### Problem to solve
In the entries that follow, find the line containing "Smėlio pompa baseinams" and the line containing "Cy09938.-FERNANDO VI - 1/2", then retype exactly the lines from the first through the second, pictures excluded.

Items from a data source
⟨
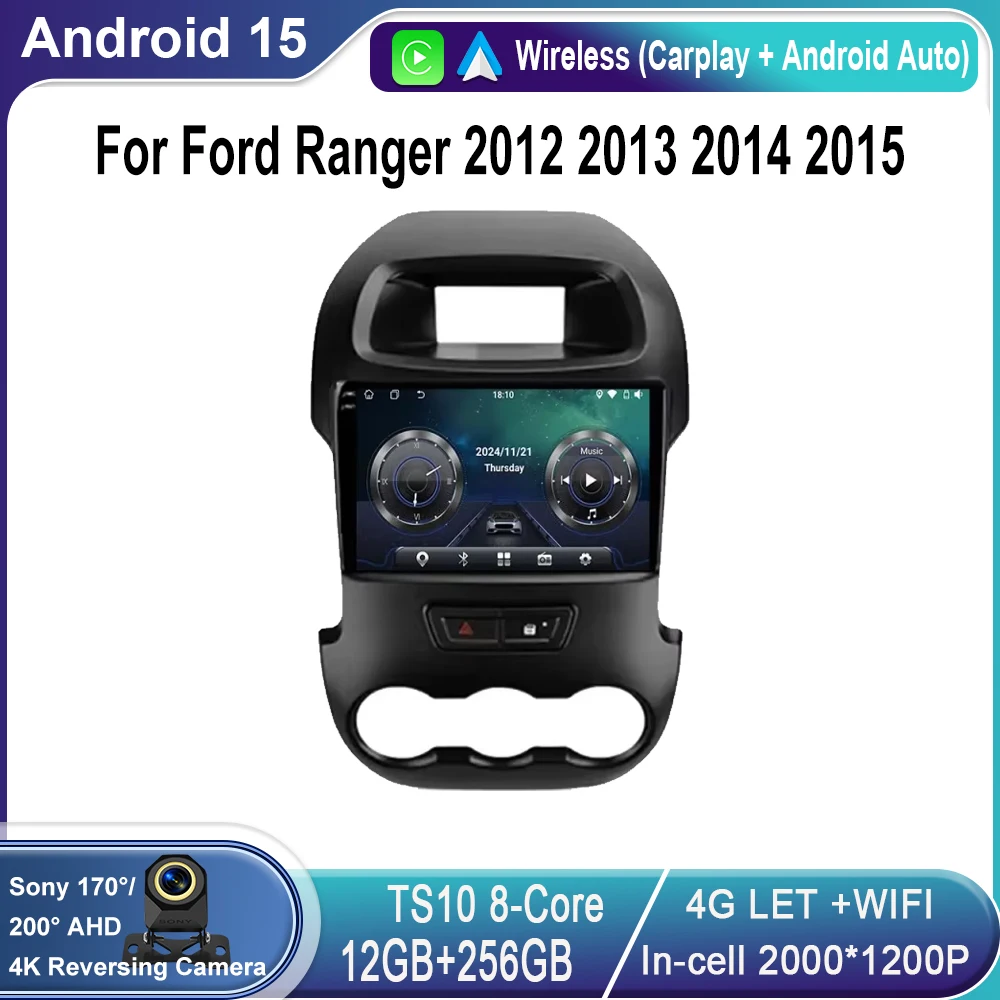 

Android 15 For Ford Ranger 2012 2013 2014 2015 Car Radio Stereo Auto DSP Carplay GPS Navigation Player Video WIFI 4G BT No 2 din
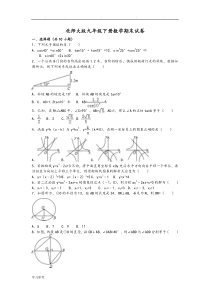 北师大版九年级(下册)数学期末试卷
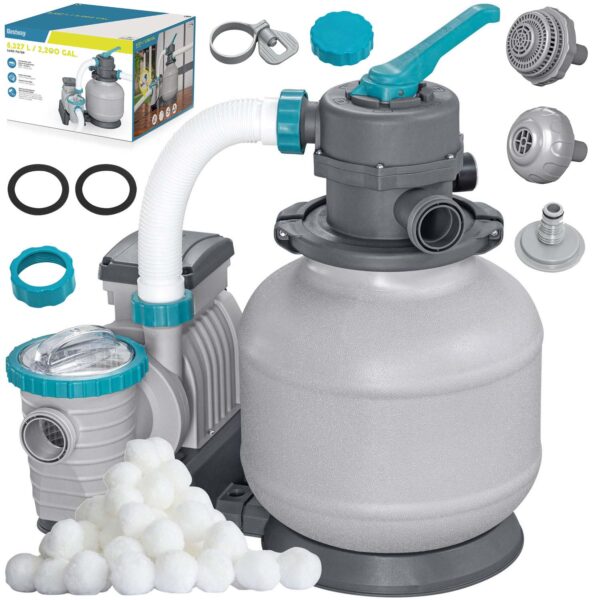 Smėlio pompa baseinams + filtro kamuoliukai 8327 l/h Bestway 58499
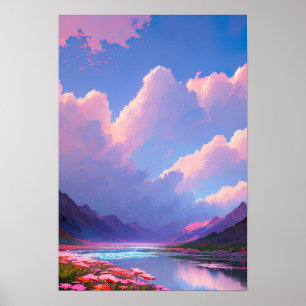 Rosa und Lila Himmel Über einem Bergsee Poster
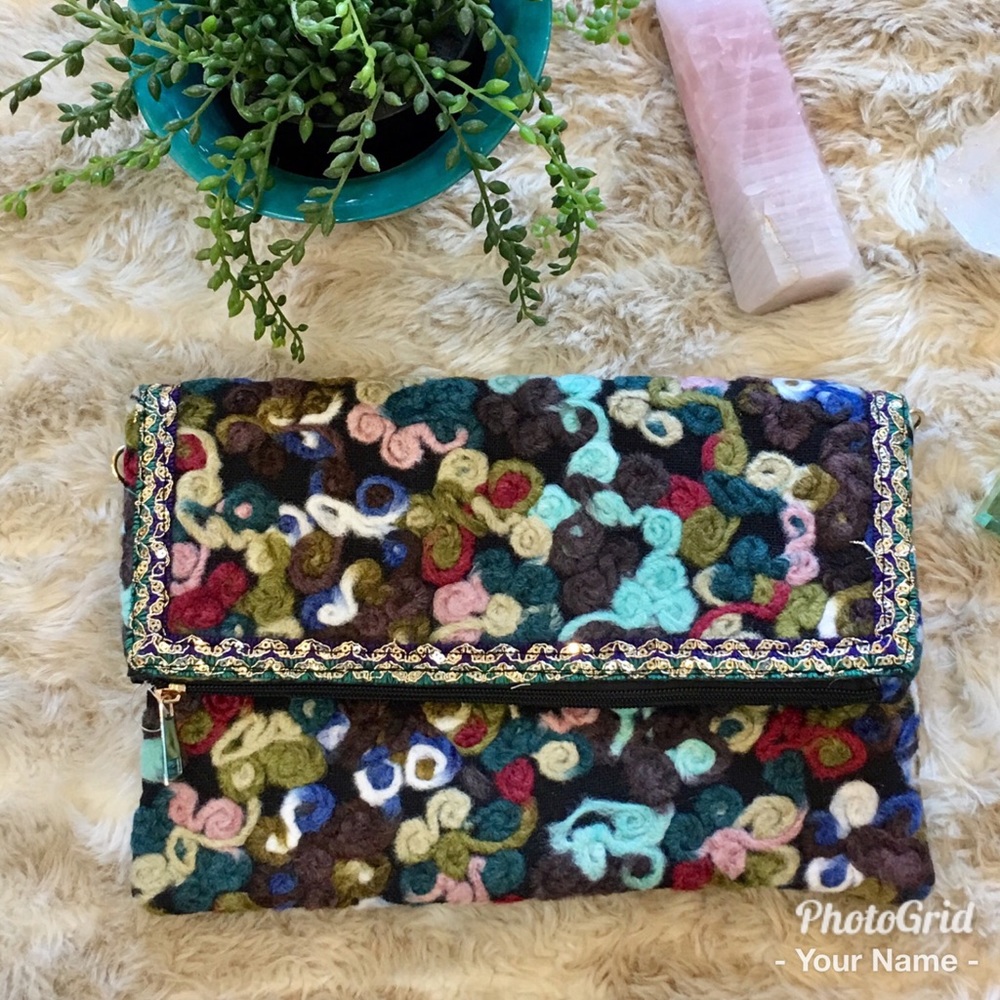 Lila Embellished Felt Clutch
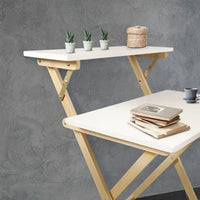 Bureau de travail pliable en bois massif à 2 niveaux pour ordinateur portable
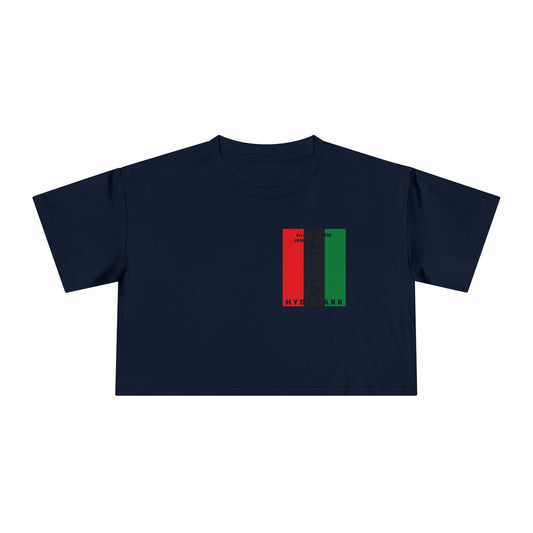Negative vertical 3-striped upright single-breasted Hyde Park logo crop tee (Juneteenth colors)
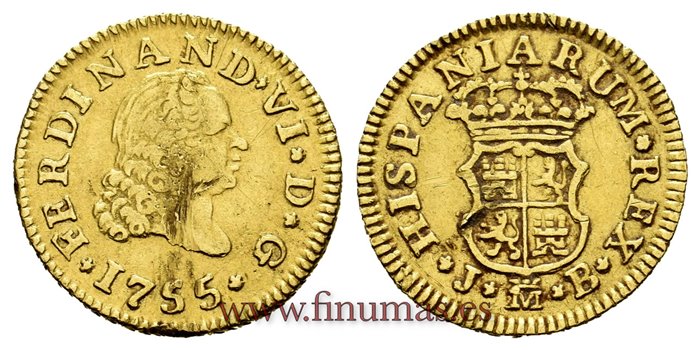 Cy09938.-FERNANDO VI - 1/2 Escudo 1755 Madrid J.B. -MBC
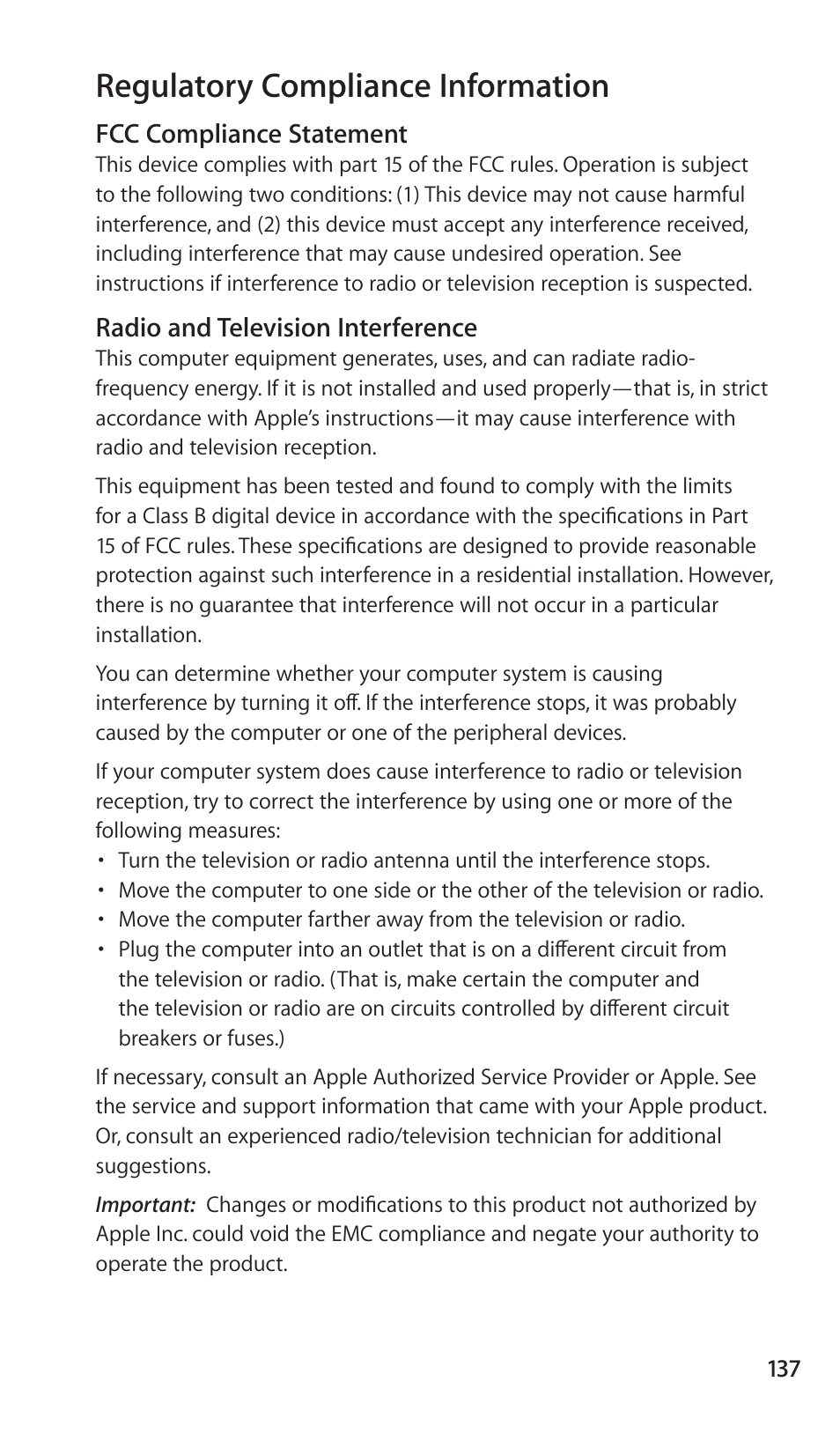 Regulatory compliance information | Apple Nike + iPod Sensor User Manual | Page 137 / 144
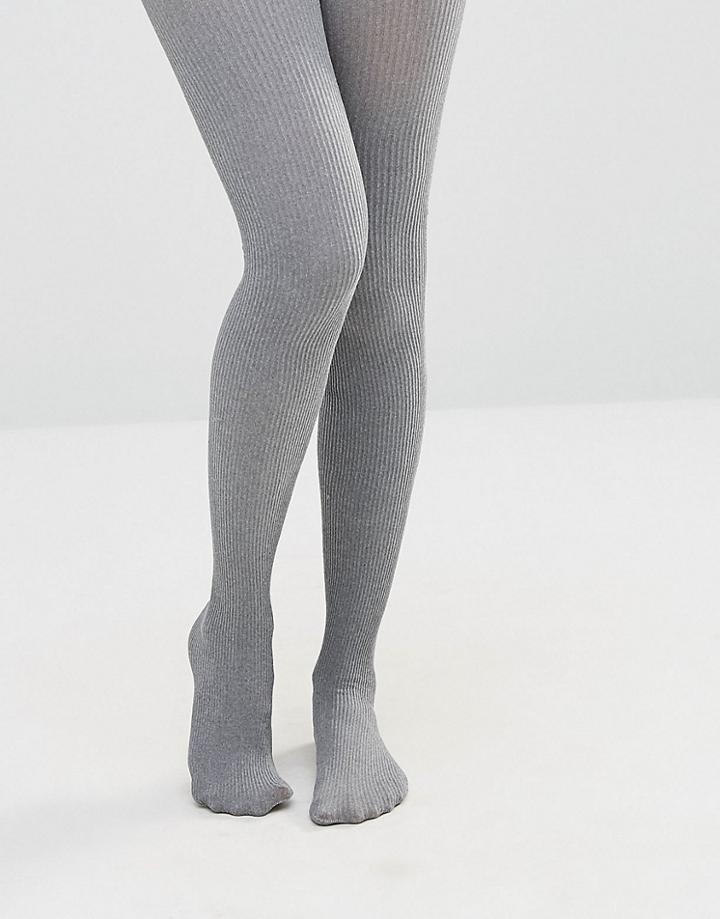 Asos Fine Rib Tights - Gray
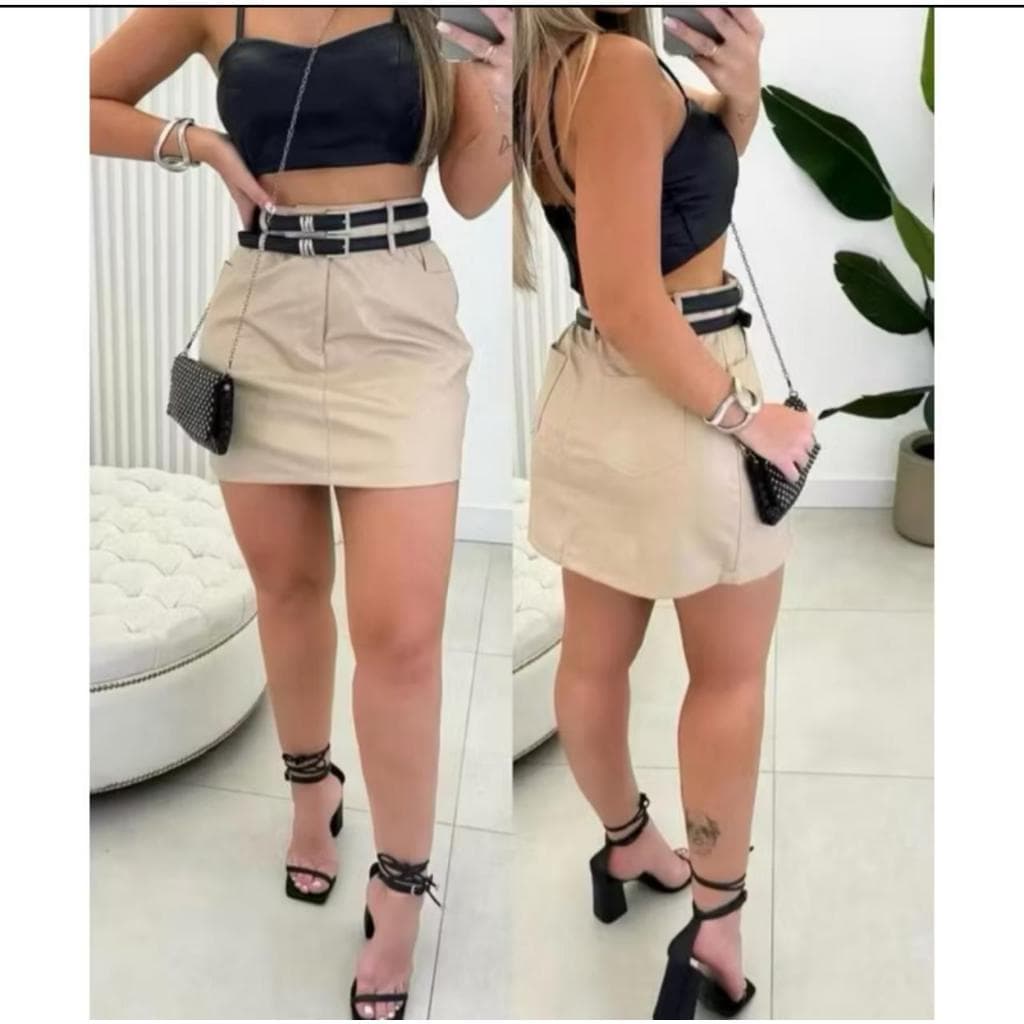 shorts saia de couro sintetico com 2 cintos moda gringa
⟩
### Answer box
 Smėlio pompa baseinams + filtro kamuoliukai 8327 l/h Bestway 58499
 Rosa und Lila Himmel Über einem Bergsee Poster
 Lila Embellished Felt Clutch
 Bureau de travail pliable en bois massif à 2 niveaux pour ordinateur portable
Negative vertical 3-striped upright single-breasted Hyde Park logo crop tee (Juneteenth colors)
 Cy09938.-FERNANDO VI - 1/2 Escudo 1755 Madrid J.B. -MBC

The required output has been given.